Talking, Dating, Exclusive-Relationship Stages

metro_qt

Well-Known Member
Ok everyone.
What exactly are the relationship stages, and what defines them?
Yep, i know, this sounds like a retarded question, but really...
what's the difference between

Talking vs Dating vs Exclusivity, etc.

and what are other 'TITLES' out there to define relationships?

Like an easy one for me is the difference between a Booty Call or Jump off and Dating someone... Booty Calls, the guy only calls you after 10pm or midnight.. not much conversation, more action, lol... While Dating, the guy may or may not really care:look:

Anyway, the main terms that interest me, because they're thrown around so much are: When you're "Talking to someone" Vs "Dating someone" Vs " Exclusively Dating someone"

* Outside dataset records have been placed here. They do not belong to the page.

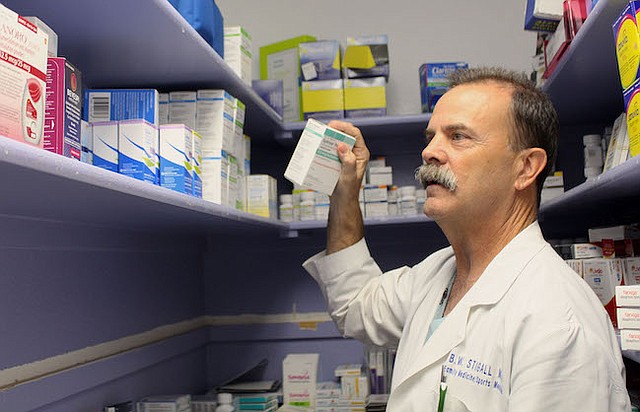 El doctor Brian Stigall de Hill Country Medical Associates dice que le preocupa el costo de los inhaladores y guarda muestras para sus pacientes de Medicare, como Juanita Milton. "Creo que todos lo hacemos porque queremos ayudar a nuestros pacientes", dice Stigall.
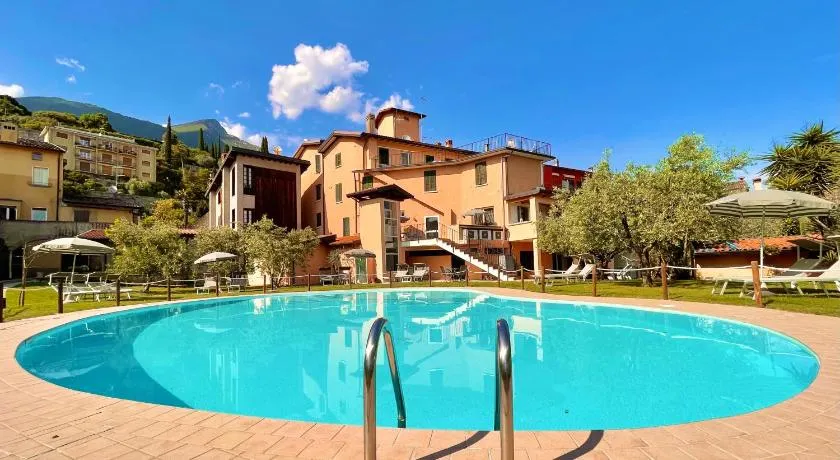Albergo Vittoria - Image 1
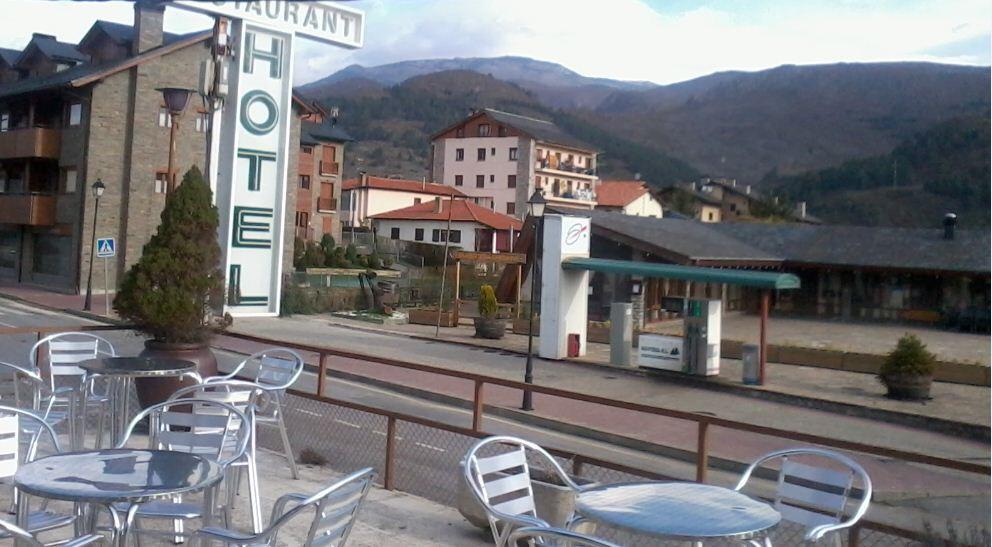 Hotel Bon Repos Bellver De Cerdanya Exteriér fotografie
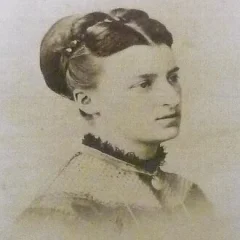 Anna Boch height profile photo
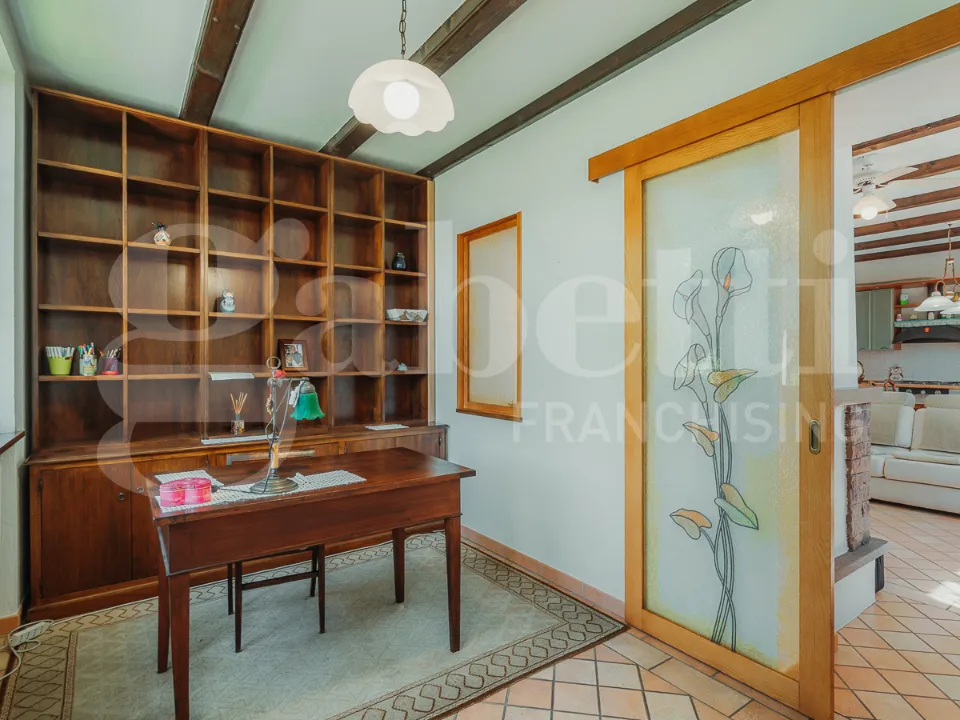 Kabinet - Rustic Villa with Private Park in Bibiana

But, let's discuss them all!
 
Hm... that's a really interesting question.
To me talking= definite mutual interest, but not actually dating. If I say I'm 'talking' to someone, I like him, but it's not serious, we're not going out, and I'd be open to someone else coming along.
For me 'dating someone' and 'exclusively dating someone' go hand in hand- I've never dated more than one person at a time, and I've never dated anyone that was dating anyone else besides me.
My definition of 'dating someone' is going out with them (just the two of you) privately (not just to parties or clubs and such) on a regular basis (1-2 times a week for at least 4 weeks).
I'm really interested in hearing other people's opinions on the matter. :)
 
To me:

Talking = the getting to know you phase; the parties involved have expressed interest, but are not in a relationship. They may go on dates, but are not dating. You can talk to multiple people at once & if one or both parties decides not to pursue a relationship no breakup is needed.

Casually Dating or Seeing Someone = phase before exclusivity; the parties involved have made it beyond initial interest. They desire to get to know one another on a deeper level and to determine if they want to be together. They are in the early stages of a romantic relationship. People can date more than one individual at a time, but many choose not to.

Dating Exclusively = phase before courting; the couple has decided to focus solely on their partner. Neither party is seeing anyone else. At this point, love, mutual respect & compatibility have manifested to some extent and are explored in depth. Future plans are often discussed; couples may cohabitate to determine if they could survive marriage.

Courting = dating with marriage in mind; you only date partners that have the qualities you expect your husband/wife to possess.


...I could go on, but I have a flight to prepare for :giggle:
 
It's funny because I think people have varying definitions for all of these things!

Dating to me doesn't mean anything but going out on dates. I could be dating three people at the same time.

However, I know that other people reserve the word dating for being in a relationship or close to it... which is probably why I used to get a lot of funny looks when I would talk about dating multiple people.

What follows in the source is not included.